----- Records for this exercise

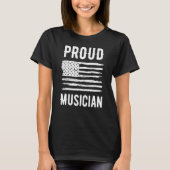 Proud Mortician Profession American Flag Tシャツ (正面)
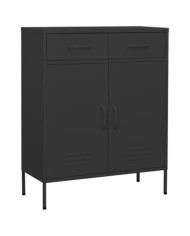 Armoire de rangement Anthracite 80x35x101,5 cm Acier | Mobilier & Déco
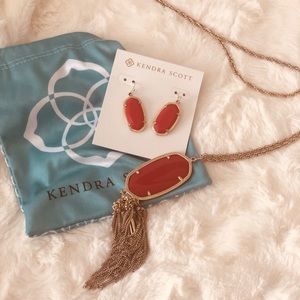 Kendra Scott Red/Gold Rayne/Dani Set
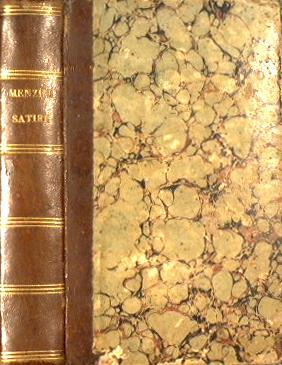 Satire di Benedetto Menzini con annotazioni - Benedetto Menzini - copertina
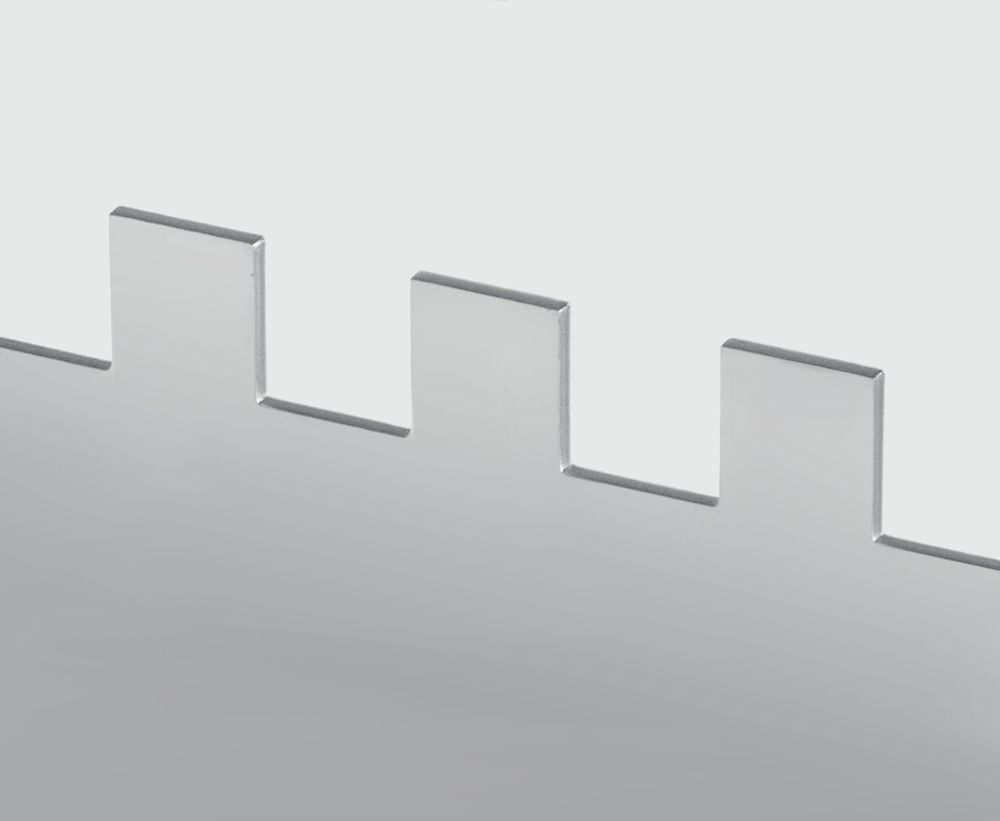 Раздвижная гребенка для плитки зуб 8 10 12 мм полукруг 10?20 мм нерж. сталь BUNKER-4 KRAFTOOL 08081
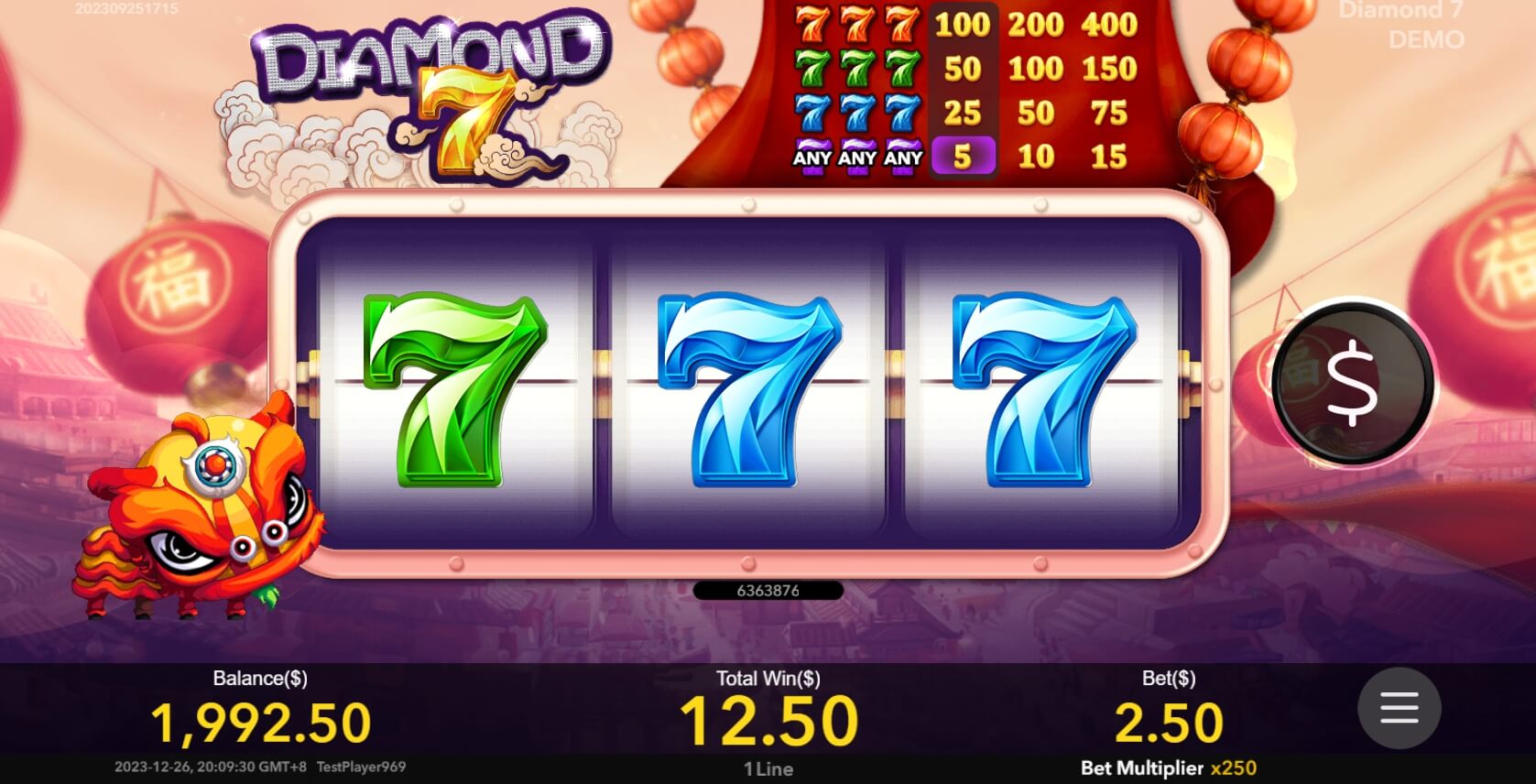 Diamond 7 Nextspin ทดลองเล่น superslot vip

----------

How to complete this task: Give the lines again exactly, starting where the entries begin and stopping once the line with "Satire di Benedetto" is included; pictures are not copied.

Your response:
 Proud Mortician Profession American Flag Tシャツ (正面)
 Armoire de rangement Anthracite 80x35x101,5 cm Acier | Mobilier & Déco
 Kendra Scott Red/Gold Rayne/Dani Set
 Satire di Benedetto Menzini con annotazioni - Benedetto Menzini - copertina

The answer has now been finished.